# Data Preprocessing
## Download necessary nltk resources

In [1]:
import nltk

nltk.download('punkt')
nltk.download('wordnet')
nltk.download('omw-1.4')

[nltk_data] Downloading package punkt to
[nltk_data]     /Users/zihanliang/nltk_data...
[nltk_data]   Package punkt is already up-to-date!
[nltk_data] Downloading package wordnet to
[nltk_data]     /Users/zihanliang/nltk_data...
[nltk_data]   Package wordnet is already up-to-date!
[nltk_data] Downloading package omw-1.4 to
[nltk_data]     /Users/zihanliang/nltk_data...
[nltk_data]   Package omw-1.4 is already up-to-date!


True

## SMM4H-2025-Task5-Train_subtask1 Preprocessing

In [3]:
# -*- coding: utf-8 -*-
"""
Data Preprocessing and Data Augmentation (Hierarchical Processing Version)

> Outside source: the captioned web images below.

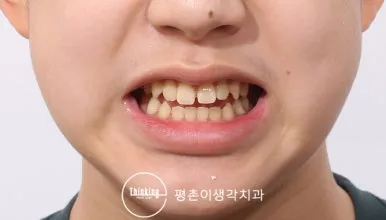 치료 전 정면 안모, 위아래 앞니가 서로 닿지 않는 개방교합 상태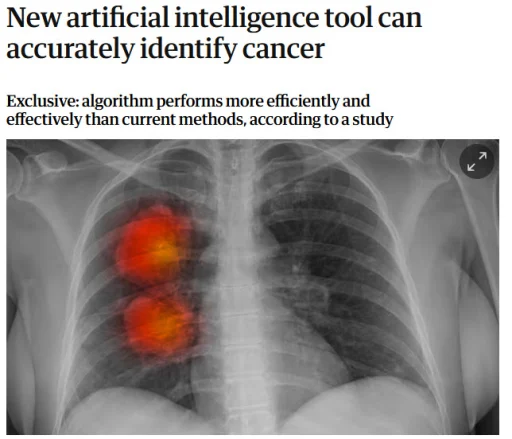 ai finds cancer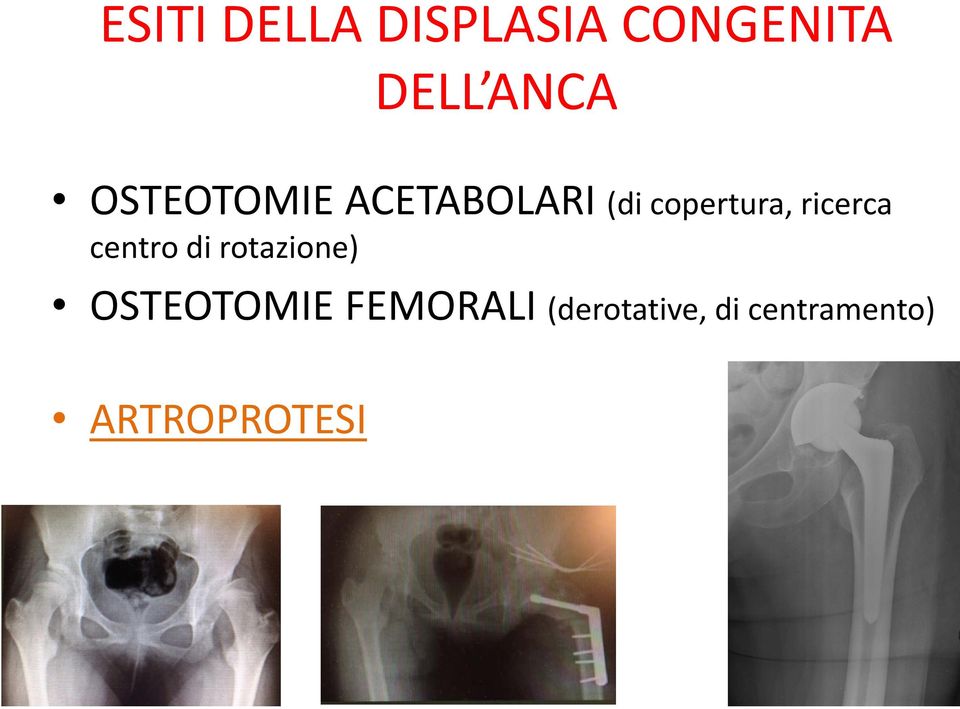 ricerca centro di rotazione) OSTEOTOMIE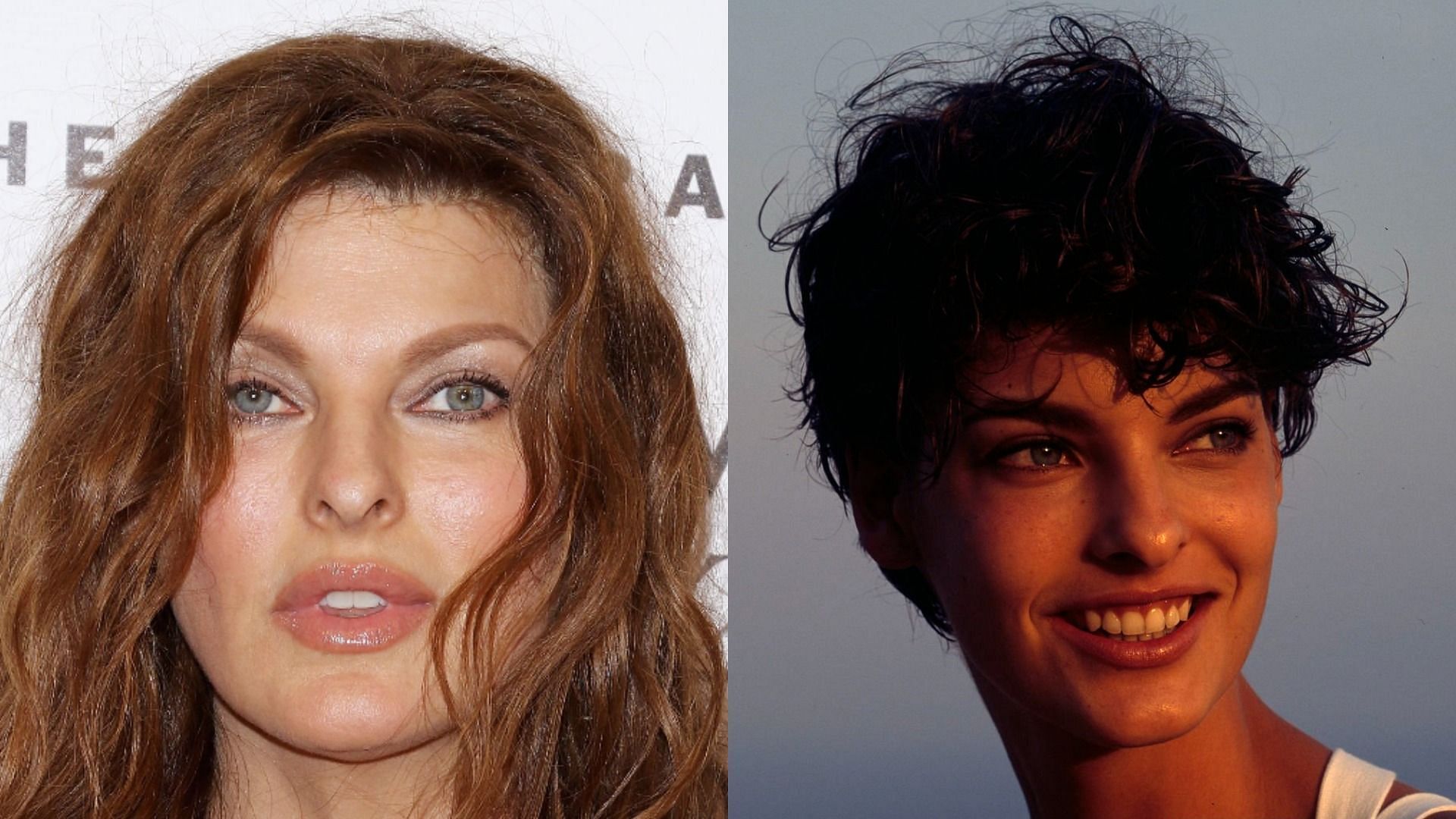 What happened to Linda Evangelista? Model shares before and after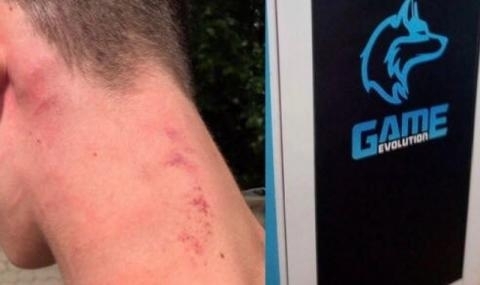 Поредно нагло безобразие се случило в столицата Малолетно момче от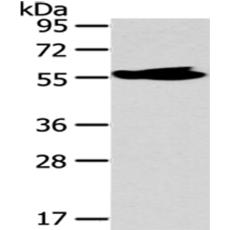 兔抗MPP6多克隆抗体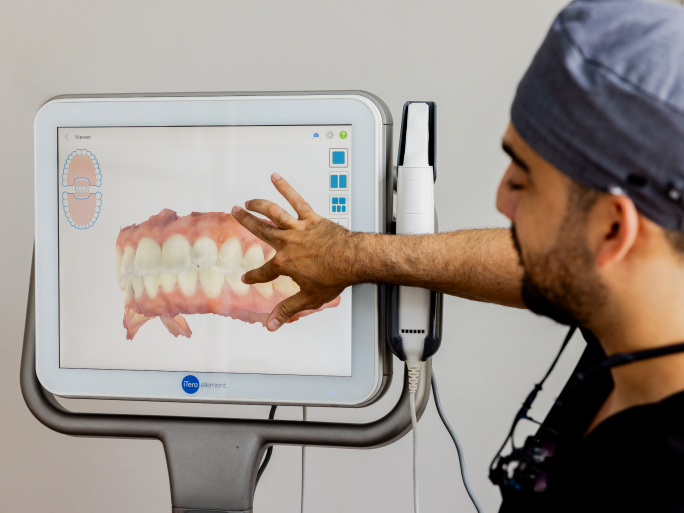 At-Home Teeth Whitening Kit from Smile with George London
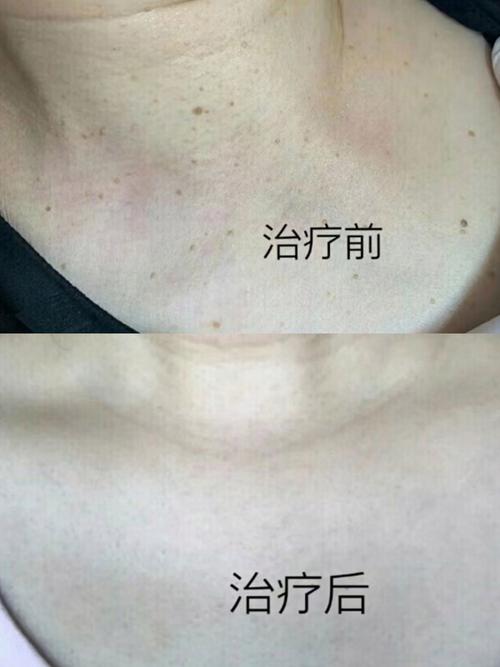 扁平疣是什么颜色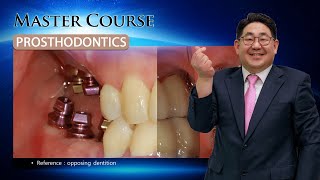 Master Course  PROSTHODONTICS Diagnosis amp treatment plan for posterior implant [upl. by Adnoryt301]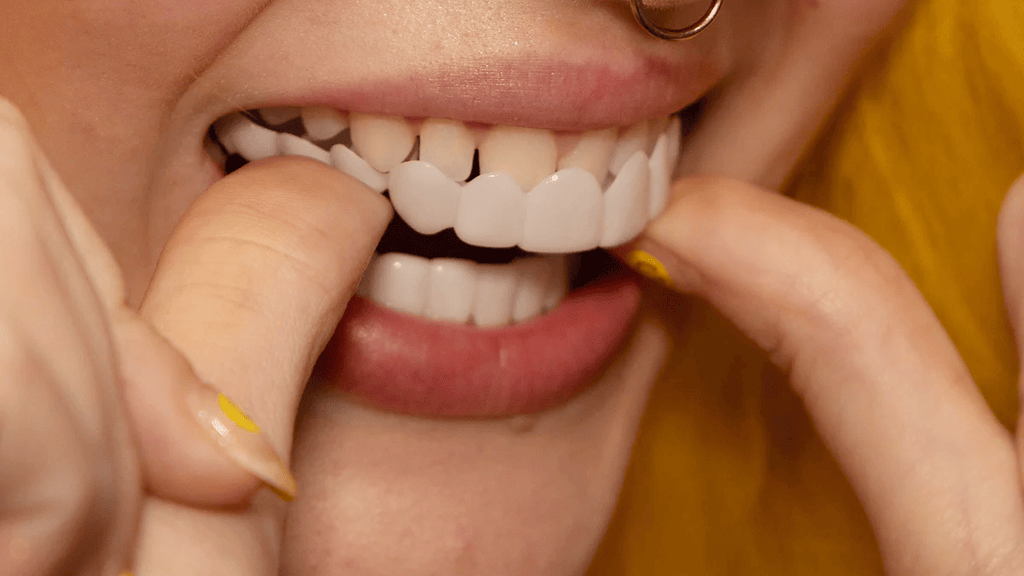 Snap-On Veneers for Upper and Lower Teeth for an Instant Natural Smile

This code is based on the SMM4H-2025-Task5-Train_subtask1.csv file and performs the following steps on the original news text:
1. Clean the text: remove HTML tags, URLs, redundant spaces, etc.;
2. Manual segmentation (Chunking): use sentence boundaries to segment the text, ensuring that the token count of each segment does not exceed 512.
   If a sentence itself is longer than 512 tokens, it will be further split to preserve complete information.
3. Data augmentation: perform synonym replacement on the text, avoiding replacement of domain keywords (e.g., FDA, Listeria, etc.);
4. Finally, save the cleaned text, segmented text list, and augmented text into a new CSV file.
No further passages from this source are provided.